A man who's living the dream
By David Sharos For The Sun November 26, 2010 3:32PM
Harold “Hal” Wilde is president of North Central College here in Naperville. For two decades, Wilde, 65, has led the staff and students at North Central, a position he describes as “the best job in the world.
Updated: April 19, 2011 5:20AM
Editor’s note: While Harold Wilde might not be the CEO of NCC, he has had just as much influence as the leader of a business. Here is his story.
To hear Harold “Hal” Wilde talk about his job as president of North Central College in Naperville, you’d honestly think, here is a man living the dream.
For two decades, Wilde, 65, has led the staff and students at North Central, a position he describes as “the best job in the world — to be the No. 1 fan of an extraordinary community of students, faculty and staff — and live on a historic campus in the heart of one of America’s finest cities.”
“Naperville is a great location for kids to come to school because in addition to the community itself, there are a lot of work opportunities for students, which means they can work while attending classes, which helps in meeting the tuition,” Wilde said. “This is a great institution that offers great value, wonderful extracurricular activities — and a terrific location.”
As the administrative leader of the college, Wilde has spearheaded so much growth that alumni from a few decades back would be hard pressed to recognize their former school. Undergraduate enrollment has increased from just less than 1,300 students to almost double at 2,400; the college’s curriculum was overhauled to offer broader-based programs, and the physical plant itself sports new additions, ranging from residence halls to a cyber café for students.
Reasons to stay
Wilde, who clearly continues to find joy in his job, said his energy and drive comes somewhat from his undergraduate days.
“I had a wonderful experience at Amherst College, and to some degree, there are many things here at North Central that are a lot like it,” he said. “You’d have to say there has been sort of a transfer effect from that experience and the one I’ve had here.”

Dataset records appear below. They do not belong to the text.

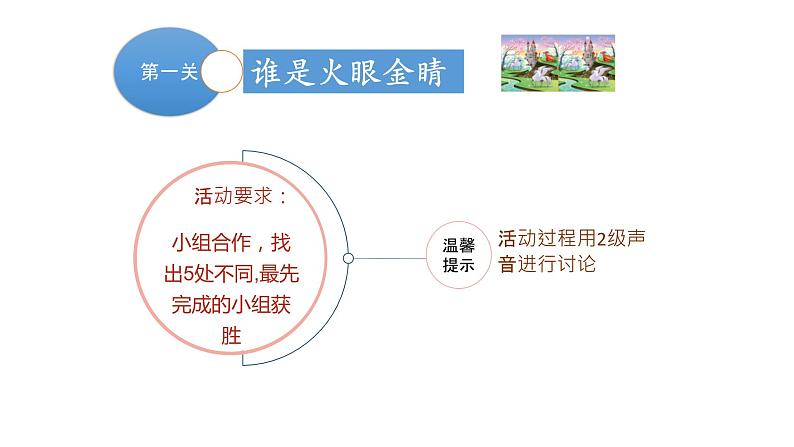 教科版科学二年级下册我们自己 3 观察与比较  完整版教学PPT课件04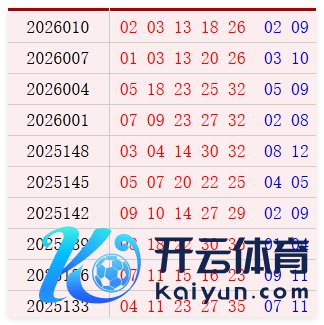 大乐透近10期周六奖号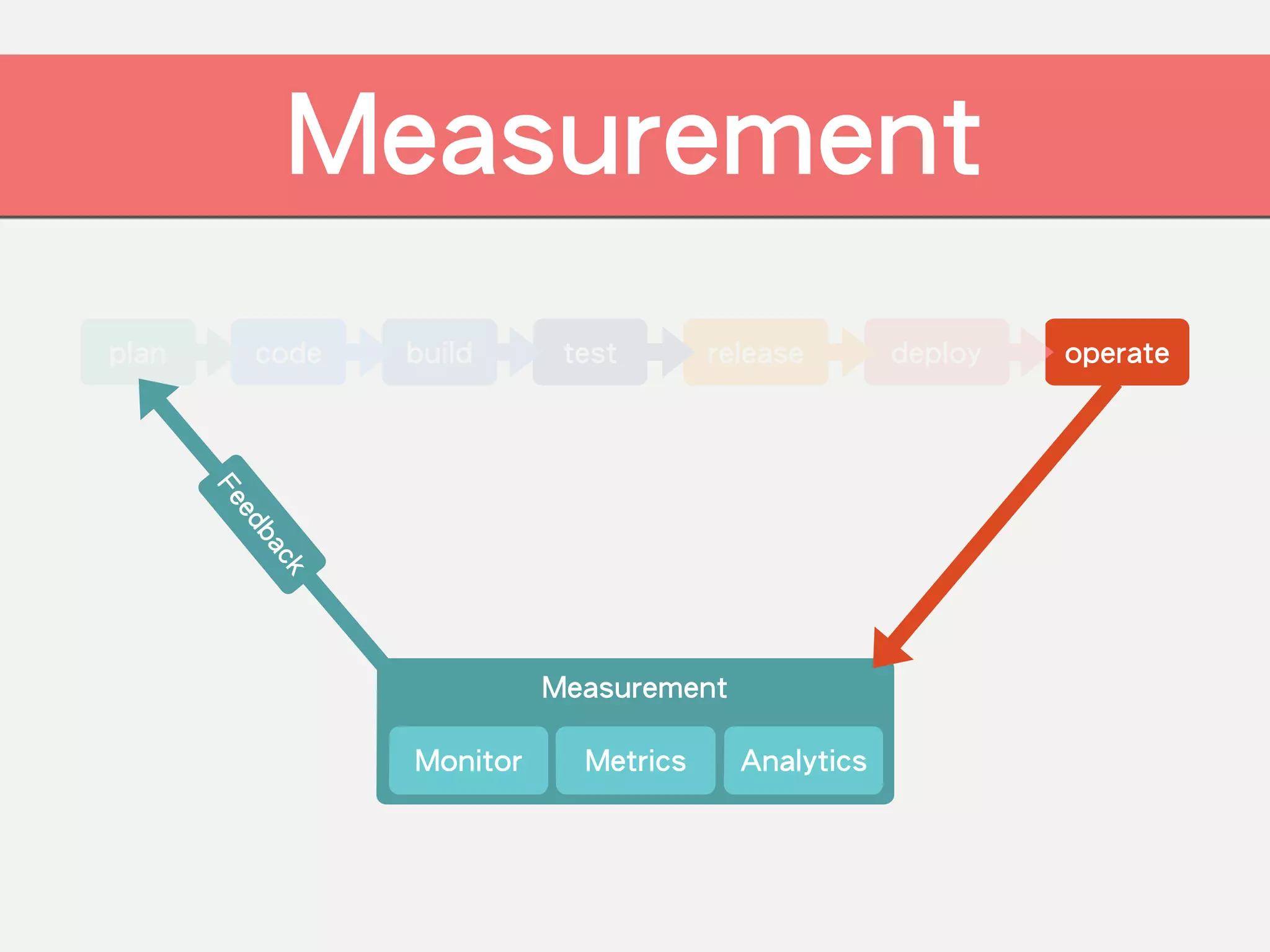 code build test release deploy operateplan
Measurement
!
!Monitor Metrics Analytics
MeasurementFeedback
 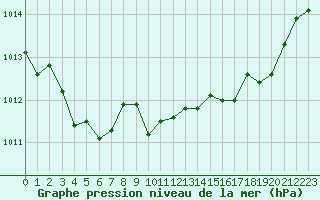 Courbe de la pression atmosphrique pour Bziers-Centre (34)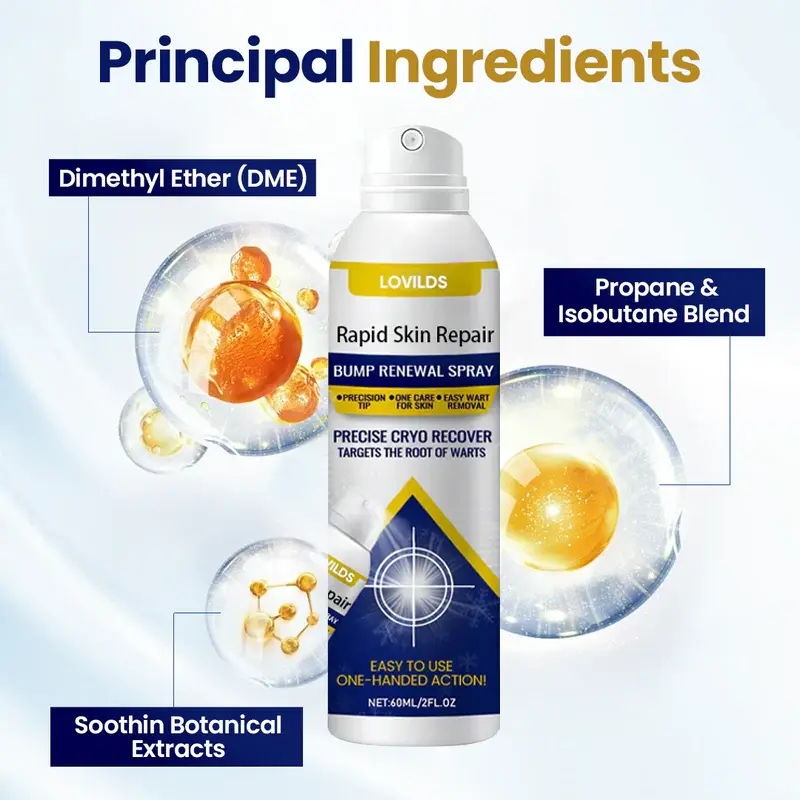 Rapid Skin Repair & Bump Removal Spray - Image 7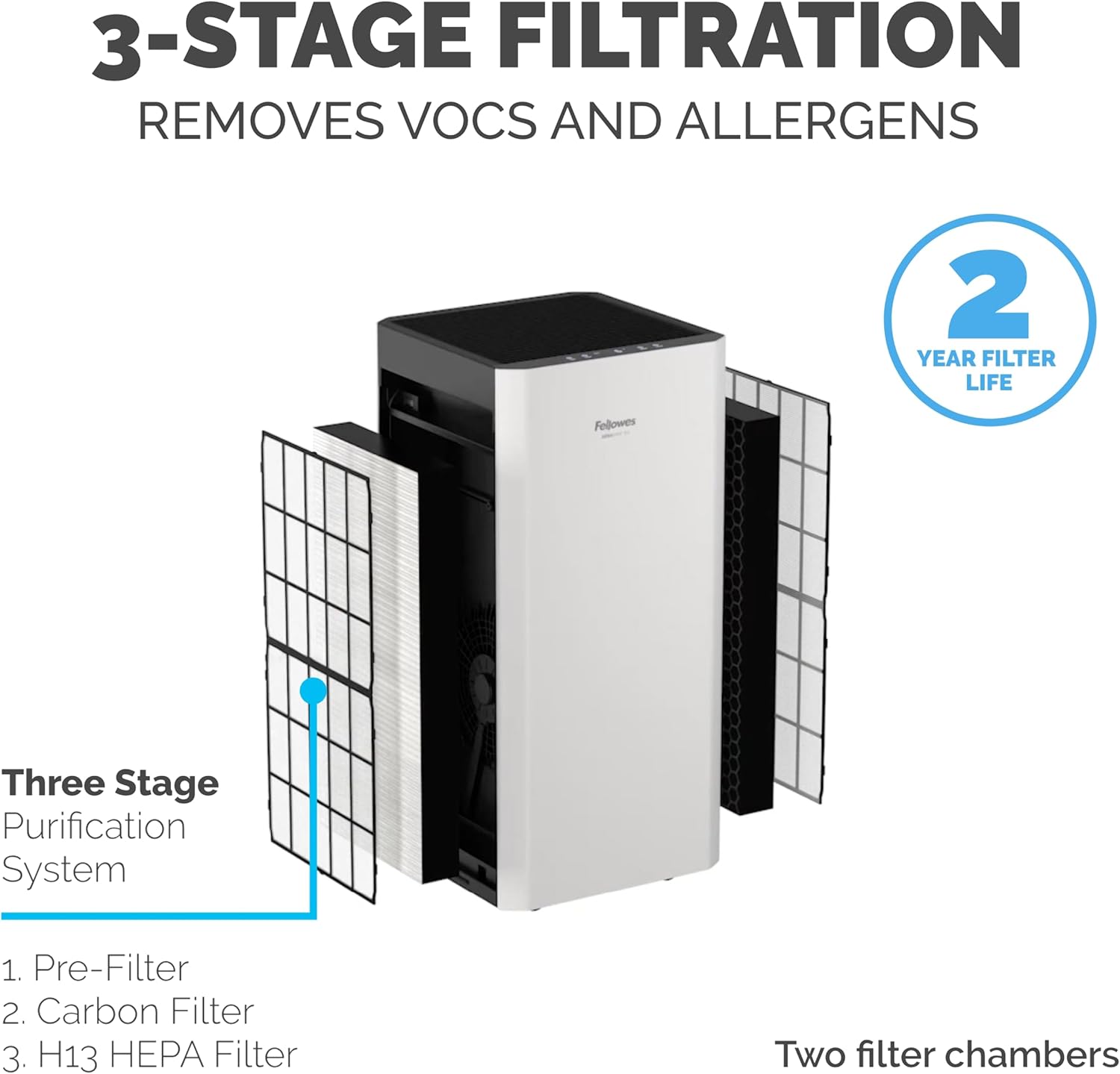 Fellowes AeraMax SV 4-Speed HEPA Air Purifier, 1,500 Sq. Ft., White/Black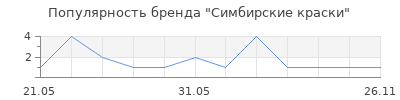 Популярность Симбирские краски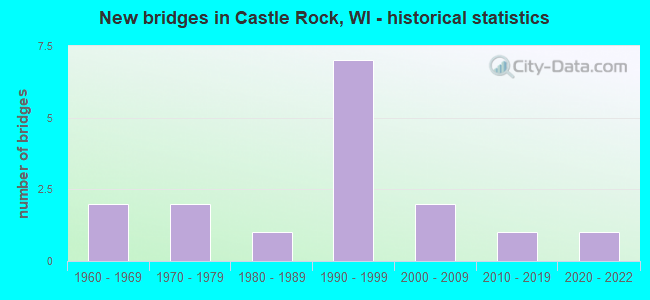 New bridges in Castle Rock, WI - historical statistics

A graduate of Amherst College in 1967, Wilde went on to earn a doctorate in government from Harvard University. Originally from Wisconsin, Wilde served several years in the Wisconsin state government, including four as the state’s insurance commissioner.
“Since I’ve been president, there have been about 10,000 students who have graduated, and many of them have gone on to make great contributions in society,” Wilde said. “That makes you feel pretty good about the work you’re doing.”
He also said those changes to the school stemmed from some self-assessment he made about a decade ago. One of the issues he questioned was whether he still brought value to the institution or whether he should consider moving on and allow himself to be recruited by someone else.
“I tell my faculty that teaching is one of those jobs that 50 years from now, there will still be people that remember you,” he said. “They don’t remember who the college president was. I could joke about it and say my years here are because of inertia, but the facts are that my wife loves the college and the job she has downtown (Chicago).”
Wilde is married to Benna Brecher Wilde, managing director of Prince Charitable Trusts in Chicago, and they are the parents of three adult children, Anna Wilde Mathews, Henry and Elizabeth Ty.
“And for me, I decided that I wasn’t worn out and that there were still things here at the college I wanted to accomplish.”
Goals to wrap up
Wilde admits that sometime in the next five years he does plan to step aside, but in the meantime, his efforts are directed at making a new science facility “worthy of North Central College” a reality, plus continuing efforts to raise money for scholarship endowments, and complete a five-year strategic plan so that continuity can be achieved by his successor.
“There are people on my cabinet with anywhere from 15 to 30 years experience with the college, and I’ve been fortunate to have a lot of continuity here with our senior management,” he said. “The economic challenges that small colleges face are real, and that’s also part of the answer to the question about still having value to the college.”